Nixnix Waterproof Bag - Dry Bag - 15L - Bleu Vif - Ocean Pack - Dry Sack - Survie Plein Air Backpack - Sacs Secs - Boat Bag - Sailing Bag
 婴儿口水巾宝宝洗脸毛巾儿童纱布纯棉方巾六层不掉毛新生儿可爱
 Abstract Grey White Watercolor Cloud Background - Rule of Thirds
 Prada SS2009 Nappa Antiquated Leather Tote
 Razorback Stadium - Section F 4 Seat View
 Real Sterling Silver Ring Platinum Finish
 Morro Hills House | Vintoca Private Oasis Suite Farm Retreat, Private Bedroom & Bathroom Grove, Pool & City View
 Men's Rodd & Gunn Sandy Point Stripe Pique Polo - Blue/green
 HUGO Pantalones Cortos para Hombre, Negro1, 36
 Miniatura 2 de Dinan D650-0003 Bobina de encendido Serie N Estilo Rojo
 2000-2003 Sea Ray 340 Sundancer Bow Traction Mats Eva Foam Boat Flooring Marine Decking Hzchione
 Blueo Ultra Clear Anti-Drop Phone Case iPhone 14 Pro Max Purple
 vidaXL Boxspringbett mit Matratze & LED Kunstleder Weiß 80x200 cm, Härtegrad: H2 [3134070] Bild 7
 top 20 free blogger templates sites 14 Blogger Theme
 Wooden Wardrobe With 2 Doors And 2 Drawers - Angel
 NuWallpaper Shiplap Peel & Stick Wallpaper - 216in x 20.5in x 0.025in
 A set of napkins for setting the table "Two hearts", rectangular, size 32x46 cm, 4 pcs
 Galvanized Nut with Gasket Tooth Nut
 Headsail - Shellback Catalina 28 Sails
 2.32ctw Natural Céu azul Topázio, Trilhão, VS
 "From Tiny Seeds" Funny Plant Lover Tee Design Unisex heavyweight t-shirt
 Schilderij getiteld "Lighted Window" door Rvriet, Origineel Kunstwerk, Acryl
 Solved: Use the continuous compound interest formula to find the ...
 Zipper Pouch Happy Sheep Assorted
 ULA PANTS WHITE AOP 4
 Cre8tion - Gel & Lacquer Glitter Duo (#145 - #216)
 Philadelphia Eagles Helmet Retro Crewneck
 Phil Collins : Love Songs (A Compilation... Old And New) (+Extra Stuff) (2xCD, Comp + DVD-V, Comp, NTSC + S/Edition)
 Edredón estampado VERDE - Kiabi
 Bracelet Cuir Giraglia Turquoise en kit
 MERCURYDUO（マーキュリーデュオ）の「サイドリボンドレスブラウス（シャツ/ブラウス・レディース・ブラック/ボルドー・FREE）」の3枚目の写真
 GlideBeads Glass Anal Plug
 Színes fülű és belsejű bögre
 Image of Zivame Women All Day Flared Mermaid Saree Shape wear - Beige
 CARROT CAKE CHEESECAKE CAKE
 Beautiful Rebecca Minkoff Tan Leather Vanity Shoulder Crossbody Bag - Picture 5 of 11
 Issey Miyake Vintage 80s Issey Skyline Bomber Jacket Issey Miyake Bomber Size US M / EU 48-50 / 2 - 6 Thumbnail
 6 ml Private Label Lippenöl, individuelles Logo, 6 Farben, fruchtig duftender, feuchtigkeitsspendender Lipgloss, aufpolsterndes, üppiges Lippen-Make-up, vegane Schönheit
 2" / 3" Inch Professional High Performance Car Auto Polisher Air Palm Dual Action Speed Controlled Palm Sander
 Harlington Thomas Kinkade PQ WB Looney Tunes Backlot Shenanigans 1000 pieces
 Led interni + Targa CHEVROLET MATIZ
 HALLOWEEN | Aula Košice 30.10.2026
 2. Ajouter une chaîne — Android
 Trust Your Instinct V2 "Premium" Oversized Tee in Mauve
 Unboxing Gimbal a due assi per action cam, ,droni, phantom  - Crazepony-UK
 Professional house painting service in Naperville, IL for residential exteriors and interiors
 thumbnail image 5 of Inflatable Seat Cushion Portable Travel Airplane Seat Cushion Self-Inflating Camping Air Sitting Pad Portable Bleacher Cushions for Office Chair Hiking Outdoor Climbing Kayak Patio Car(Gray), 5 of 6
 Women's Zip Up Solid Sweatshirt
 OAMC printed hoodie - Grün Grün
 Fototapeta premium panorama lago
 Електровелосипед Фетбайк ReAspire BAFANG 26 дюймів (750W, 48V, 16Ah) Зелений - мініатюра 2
^^^^^^^^
**PROMPT:** Transcribe all entries exactly as they are given.

**YOUR RESPONSE:**
Nixnix Waterproof Bag - Dry Bag - 15L - Bleu Vif - Ocean Pack - Dry Sack - Survie Plein Air Backpack - Sacs Secs - Boat Bag - Sailing Bag
 婴儿口水巾宝宝洗脸毛巾儿童纱布纯棉方巾六层不掉毛新生儿可爱
 Abstract Grey White Watercolor Cloud Background - Rule of Thirds
 Prada SS2009 Nappa Antiquated Leather Tote
 Razorback Stadium - Section F 4 Seat View
 Real Sterling Silver Ring Platinum Finish
 Morro Hills House | Vintoca Private Oasis Suite Farm Retreat, Private Bedroom & Bathroom Grove, Pool & City View
 Men's Rodd & Gunn Sandy Point Stripe Pique Polo - Blue/green
 HUGO Pantalones Cortos para Hombre, Negro1, 36
 Miniatura 2 de Dinan D650-0003 Bobina de encendido Serie N Estilo Rojo
 2000-2003 Sea Ray 340 Sundancer Bow Traction Mats Eva Foam Boat Flooring Marine Decking Hzchione
 Blueo Ultra Clear Anti-Drop Phone Case iPhone 14 Pro Max Purple
 vidaXL Boxspringbett mit Matratze & LED Kunstleder Weiß 80x200 cm, Härtegrad: H2 [3134070] Bild 7
 top 20 free blogger templates sites 14 Blogger Theme
 Wooden Wardrobe With 2 Doors And 2 Drawers - Angel
 NuWallpaper Shiplap Peel & Stick Wallpaper - 216in x 20.5in x 0.025in
 A set of napkins for setting the table "Two hearts", rectangular, size 32x46 cm, 4 pcs
 Galvanized Nut with Gasket Tooth Nut
 Headsail - Shellback Catalina 28 Sails
 2.32ctw Natural Céu azul Topázio, Trilhão, VS
 "From Tiny Seeds" Funny Plant Lover Tee Design Unisex heavyweight t-shirt
 Schilderij getiteld "Lighted Window" door Rvriet, Origineel Kunstwerk, Acryl
 Solved: Use the continuous compound interest formula to find the ...
 Zipper Pouch Happy Sheep Assorted
 ULA PANTS WHITE AOP 4
 Cre8tion - Gel & Lacquer Glitter Duo (#145 - #216)
 Philadelphia Eagles Helmet Retro Crewneck
 Phil Collins : Love Songs (A Compilation... Old And New) (+Extra Stuff) (2xCD, Comp + DVD-V, Comp, NTSC + S/Edition)
 Edredón estampado VERDE - Kiabi
 Bracelet Cuir Giraglia Turquoise en kit
 MERCURYDUO（マーキュリーデュオ）の「サイドリボンドレスブラウス（シャツ/ブラウス・レディース・ブラック/ボルドー・FREE）」の3枚目の写真
 GlideBeads Glass Anal Plug
 Színes fülű és belsejű bögre
 Image of Zivame Women All Day Flared Mermaid Saree Shape wear - Beige
 CARROT CAKE CHEESECAKE CAKE
 Beautiful Rebecca Minkoff Tan Leather Vanity Shoulder Crossbody Bag - Picture 5 of 11
 Issey Miyake Vintage 80s Issey Skyline Bomber Jacket Issey Miyake Bomber Size US M / EU 48-50 / 2 - 6 Thumbnail
 6 ml Private Label Lippenöl, individuelles Logo, 6 Farben, fruchtig duftender, feuchtigkeitsspendender Lipgloss, aufpolsterndes, üppiges Lippen-Make-up, vegane Schönheit
 2" / 3" Inch Professional High Performance Car Auto Polisher Air Palm Dual Action Speed Controlled Palm Sander
 Harlington Thomas Kinkade PQ WB Looney Tunes Backlot Shenanigans 1000 pieces
 Led interni + Targa CHEVROLET MATIZ
 HALLOWEEN | Aula Košice 30.10.2026
 2. Ajouter une chaîne — Android
 Trust Your Instinct V2 "Premium" Oversized Tee in Mauve
 Unboxing Gimbal a due assi per action cam, ,droni, phantom  - Crazepony-UK
 Professional house painting service in Naperville, IL for residential exteriors and interiors
 thumbnail image 5 of Inflatable Seat Cushion Portable Travel Airplane Seat Cushion Self-Inflating Camping Air Sitting Pad Portable Bleacher Cushions for Office Chair Hiking Outdoor Climbing Kayak Patio Car(Gray), 5 of 6
 Women's Zip Up Solid Sweatshirt
 OAMC printed hoodie - Grün Grün
 Fototapeta premium panorama lago
 Електровелосипед Фетбайк ReAspire BAFANG 26 дюймів (750W, 48V, 16Ah) Зелений - мініатюра 2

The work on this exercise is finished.